Data supplied:
┄┄┄┄┄┄

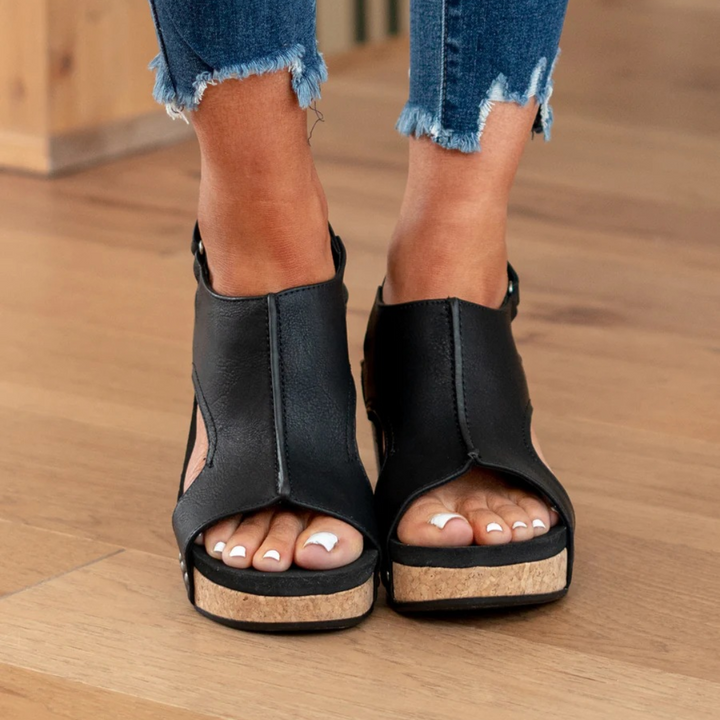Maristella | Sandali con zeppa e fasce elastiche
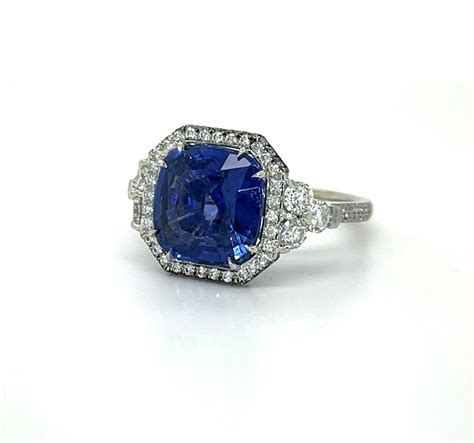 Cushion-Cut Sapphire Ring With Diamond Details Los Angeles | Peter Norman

┄┄┄┄┄┄

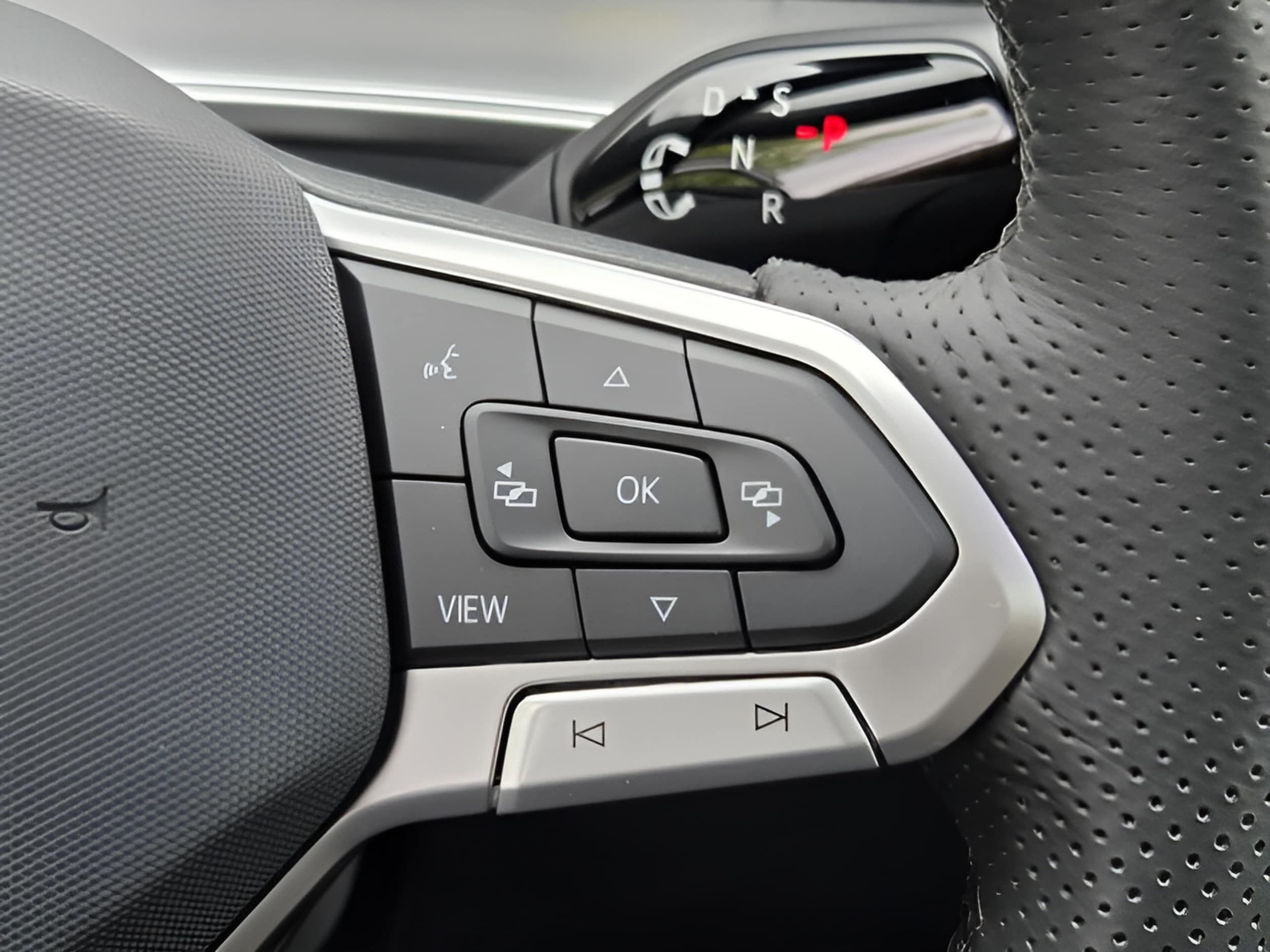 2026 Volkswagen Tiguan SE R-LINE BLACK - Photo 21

┄┄┄┄┄┄

What you are asked to do: Copy word for word the span of the records above that begins at the line with "Maristella | Sandali" and ends at the line with "Angeles | Peter Norman", including those two lines but not the pictures.

Result:
Maristella | Sandali con zeppa e fasce elastiche
 Cushion-Cut Sapphire Ring With Diamond Details Los Angeles | Peter Norman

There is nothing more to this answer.